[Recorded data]
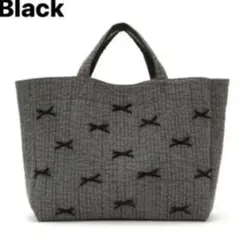 ❤︎ジプソフィア　ピクニックバックM❤︎ ブラック Gypsohila ジプソフィア ピクニックバッグ グレー リボンバッグ M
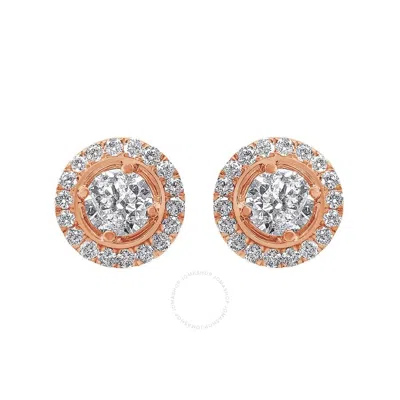 Diamondmuse Diamond Muse 2.00 Cttw 14kt Pink Gold Round Cut Diamond Stud Earrings For Women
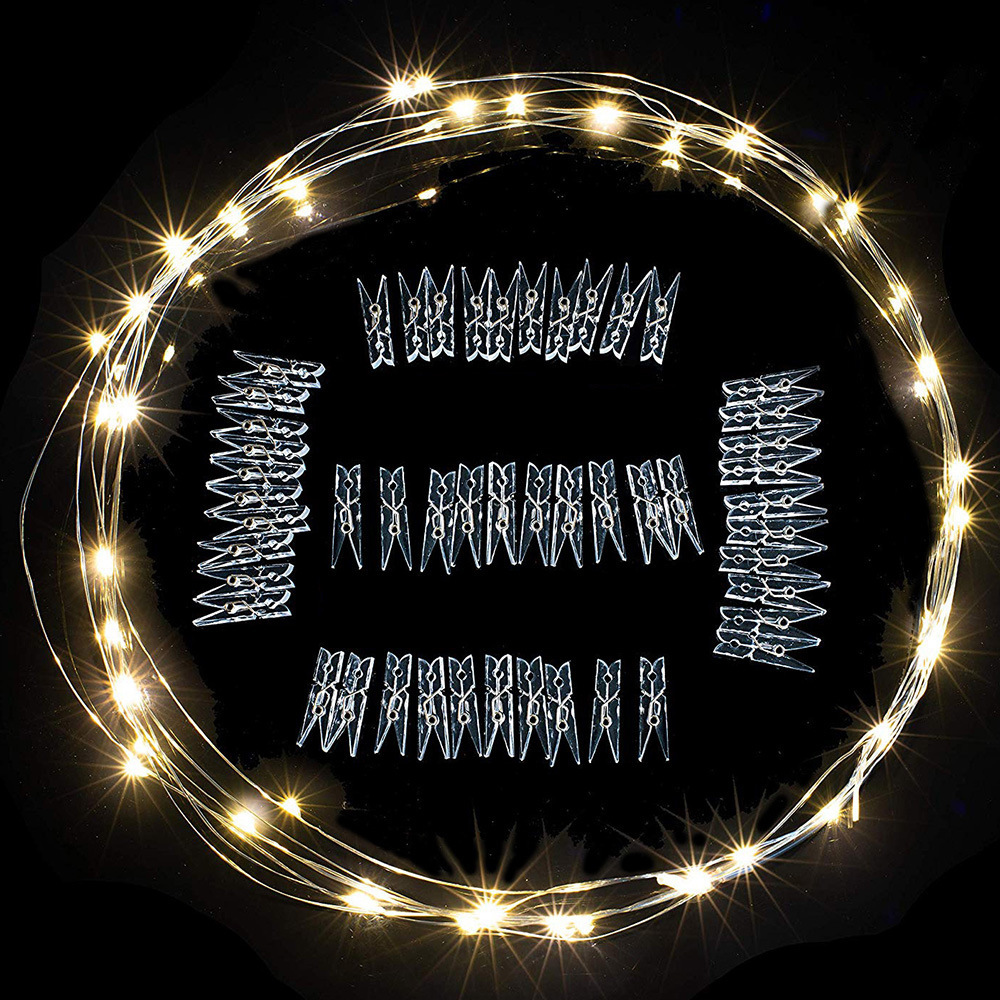 Transfronterizos LED Clip Light String foto pared decoración de la habitación Lámpara de color propuesta de matrimonio creativa caja de baterías USB lámpara de cable de cobre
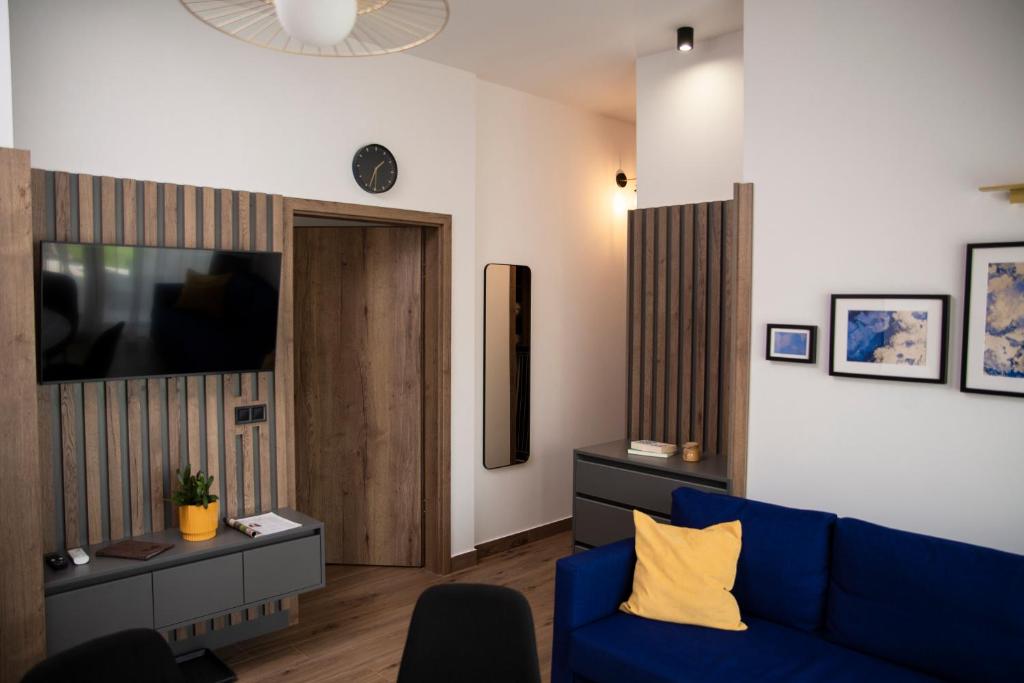 TV a/nebo společenská místnost v ubytování Tahiti Resort Apartments Hajdúszoboszló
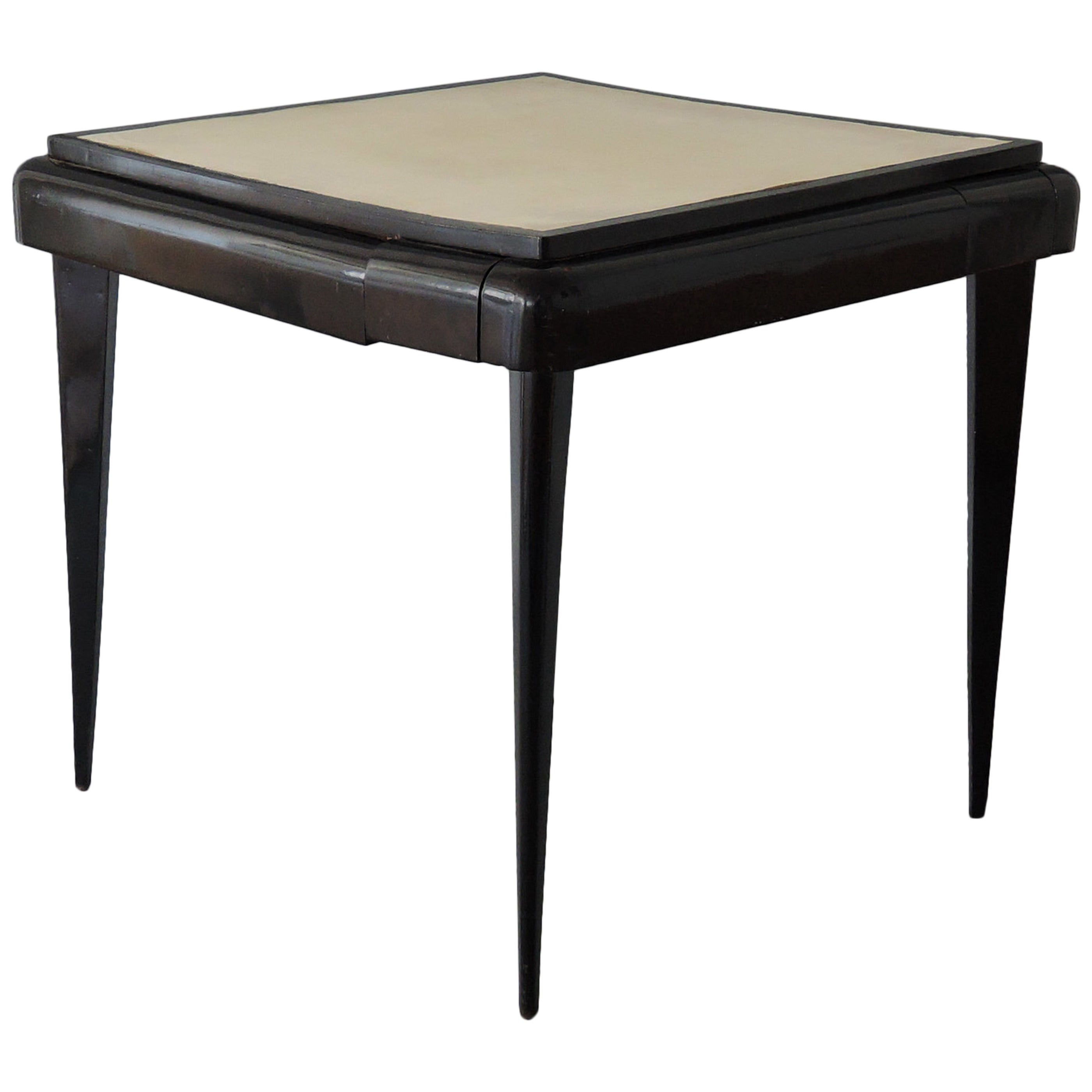 French 1970s Black Lacquered and Parchment Game Table at 1stDibs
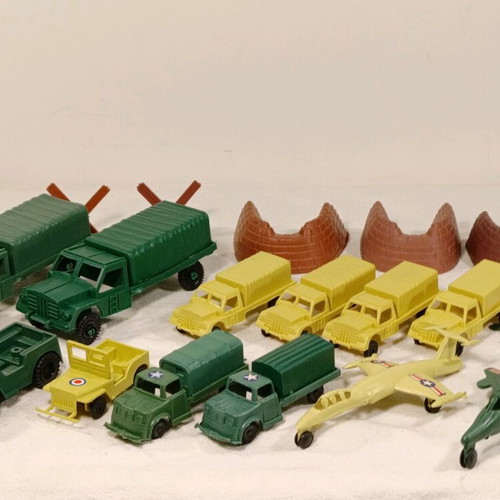 Vintage military vehicles toys used, all together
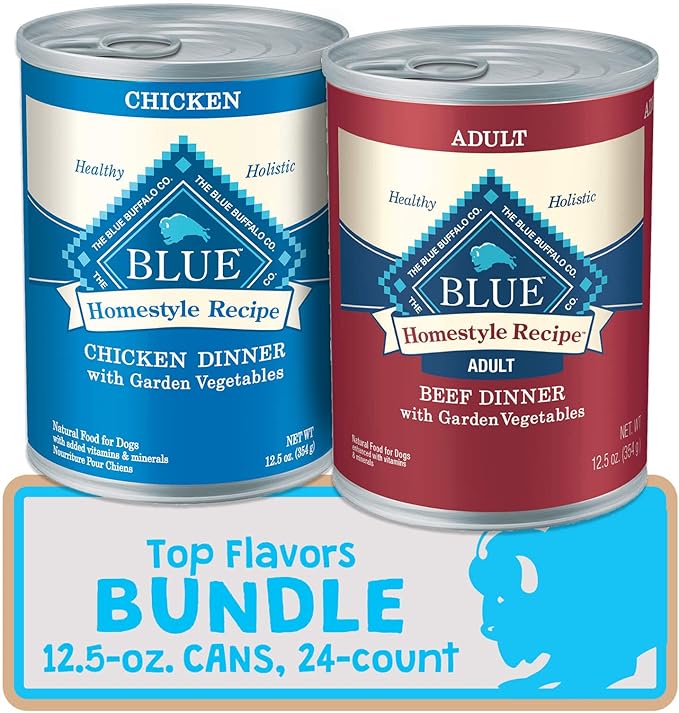 Blue Buffalo Homestyle Recipe Natural Adult Wet Dog Food, Chicken & Beef 12.5-oz cans (24 count- 12 of each flavor)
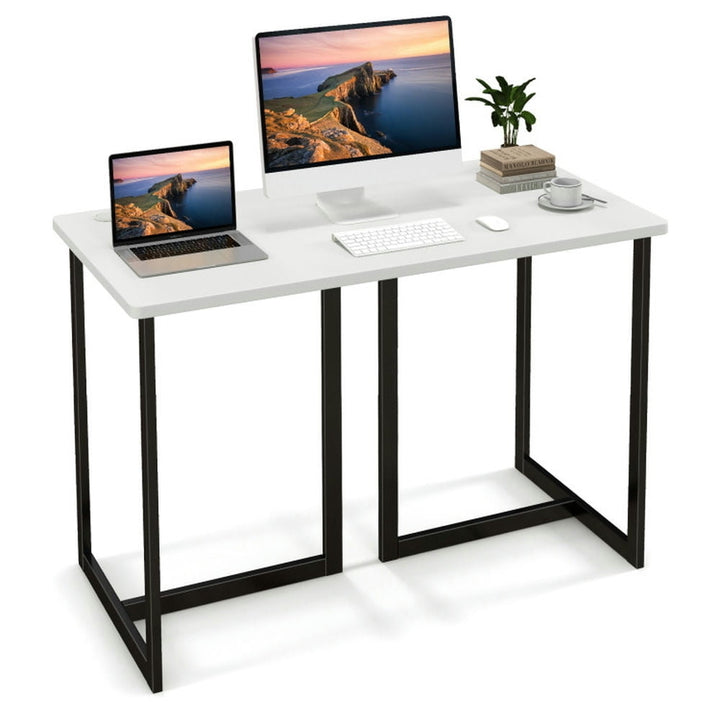 Hommoo Modern Computer Desk 47 Inch Writing Study Table with Metal Frame, Home Office Desks, Gaming Computer Desks for Image 1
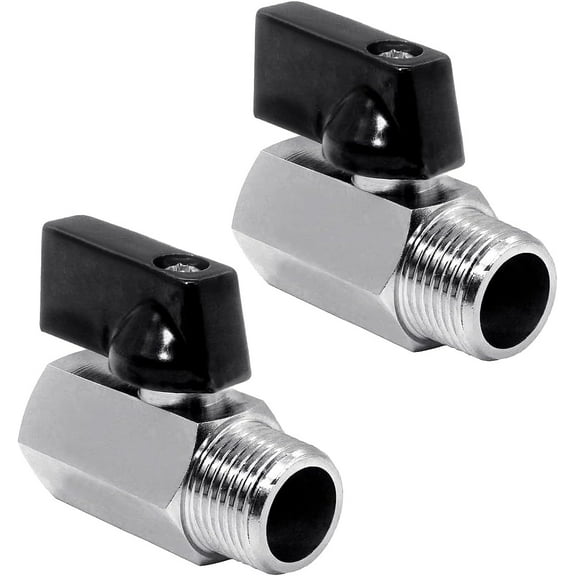 1/2" Brass Mini Ball Valve NPT Female x Male Shut-Off Valve(Pack of 2)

Required work: The response must match the data line for line, from its first line through the line with "Diamondmuse Diamond Muse", inclusive, and must leave out the pictures.

Problem solution:
 ❤︎ジプソフィア　ピクニックバックM❤︎ ブラック Gypsohila ジプソフィア ピクニックバッグ グレー リボンバッグ M
 Diamondmuse Diamond Muse 2.00 Cttw 14kt Pink Gold Round Cut Diamond Stud Earrings For Women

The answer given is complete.